I think again, this is where Tom's kind of underplayed character, who refuses to be phased, "Underplays" a bad word really, l think he played it brilliantly, where he's always cool, understated in a really terrifying situation. (1:10:00) You got a real sense of claustrophobia, and also Sigourney's sense of doom. I think she feels, I think she knows that he's going to die. This is really a one way street, a real cul-de-sac. And you have Veronica being supercharged, convinced something awful's going to happen. And I always believe unless the actor's saying this to you, you're not going to be frightened as an audience.
(Lambert: I know it's down here somewhere, Dallas, you're going to have to be careful)
So then we get repetition of the same set, so there we get a sense of a whole complex. 'Cause this is where sound mix is great because you can get a sense of the cavernous interiors of all these tubes.
A lot of reverb on Dallas' voice. Again we keep shooting the same ladder, and the same
tube. lt's an exercise in using the same set many times'
Ah, first time I see Dallas bothered in the film. This is where he starts to feel that he's in trouble. There you get a panic reaction. Ah, it's an interesting scene here this, because, somehow Tom (1:12:00) really makes the audience feel put in the same situation and we know he's going to die. Now it's inevitable, and you get a sense of his feeling of panic as well which is wonderful
(shot of Ash's face)
and Ash waits for the inevitable
(Alien appears with a screech)
Oddly enough, that was a sequence that erm, we weren't really prepared for because we didn't really have what I thought was enough of a set, but again, when you're forced to be inventive, you know, the best comes out of it. It works very well.

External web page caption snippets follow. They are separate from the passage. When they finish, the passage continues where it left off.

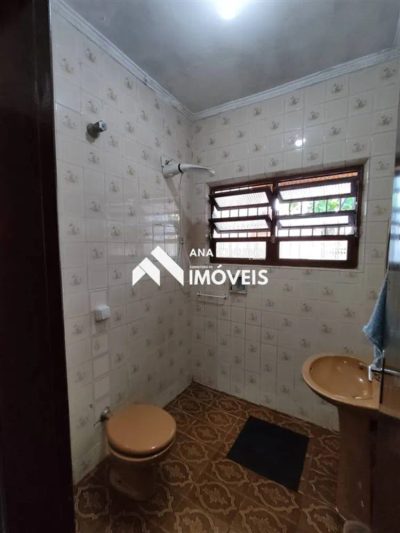 Casa, 3 quartos, 110 m² - Foto 1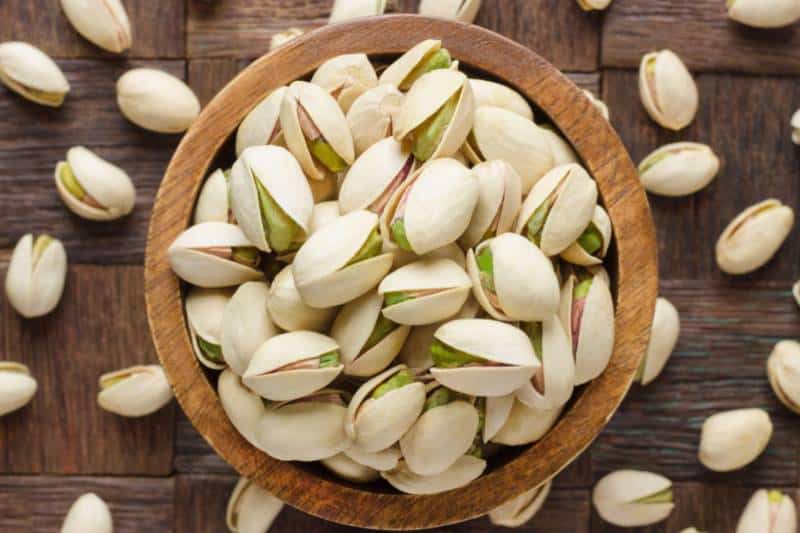 راهنمای خرید بهترین پسته برای مصرف خانگی و پذیرایی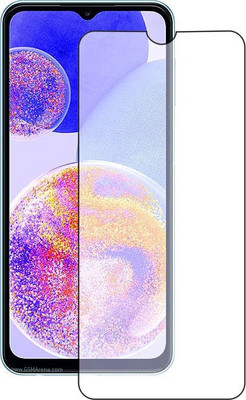 ZUKON Impossible Screen Guard for Samsung Galaxy A13(Pack of 1)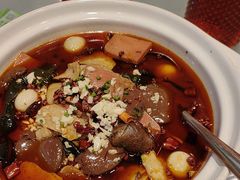 -辛香味烧鱼馆·非遗技艺·排骨红烧肉(光谷医药园店)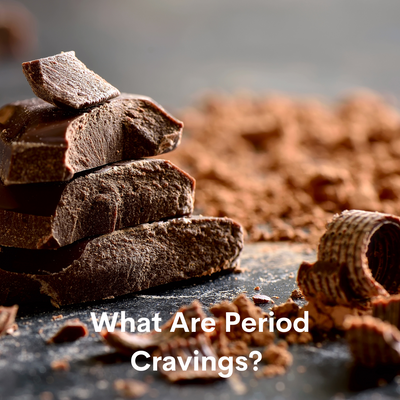 What are Period Cravings?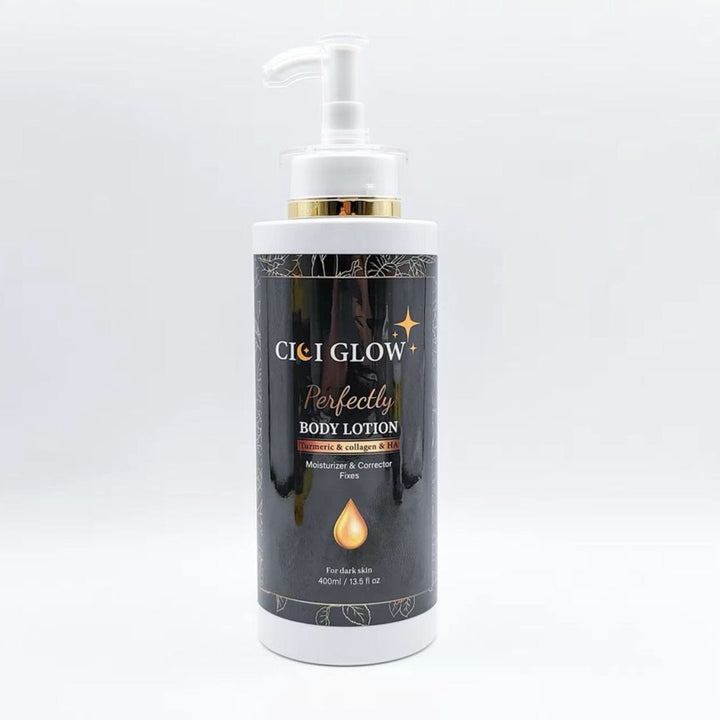 CICI GLOW - Perfectly Brightening Body Lotion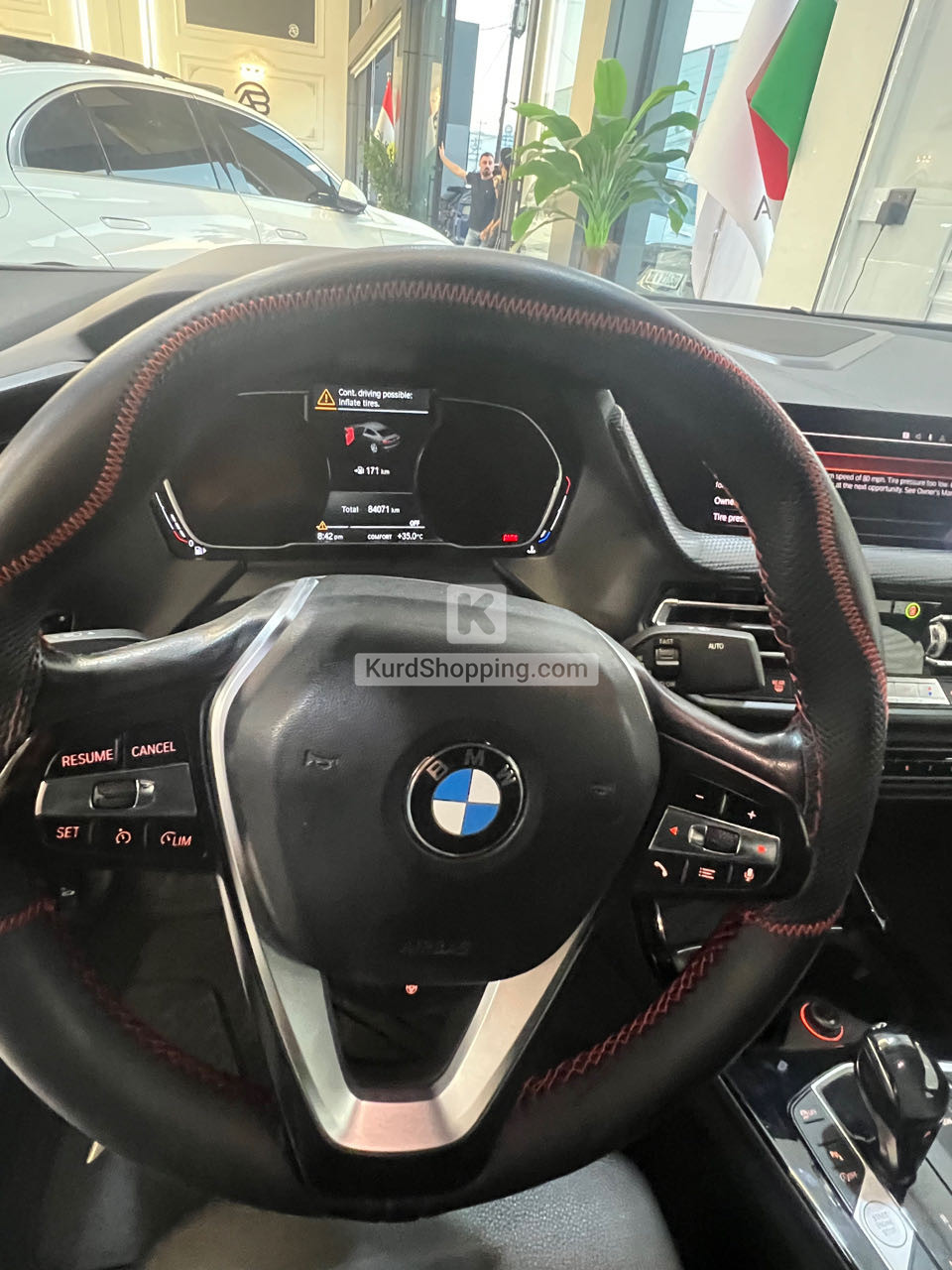 BMW 2 Series 2021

Um, we had a scene in between this which was a scene between Sigourney comforting a terrorised Veronica, who is really the first member of the crew to begin to lose it. And also this is a very important scene because this is where Sigourney now is in charge. She's next in command and she's taken over from Dallas. And also it's a proving scene for Sigourney because you have Ash, you have Yaphet Kotto who are obviously wondering whether they can trust her judgement
I remember shooting this and I remember talking to Yaphet, and saying to Yaphet, which is a little unfair, to wind up Sigourney and keep interrupting her, (1:14:00) and it was really great because she established her authority (chuckle) so I think you have a very good take over here by Sigourney and Yaphet backs down, and is obliged to accept the situation. This is really, the film in simple form, you could really argue, is the old dark house theory with seven little indians.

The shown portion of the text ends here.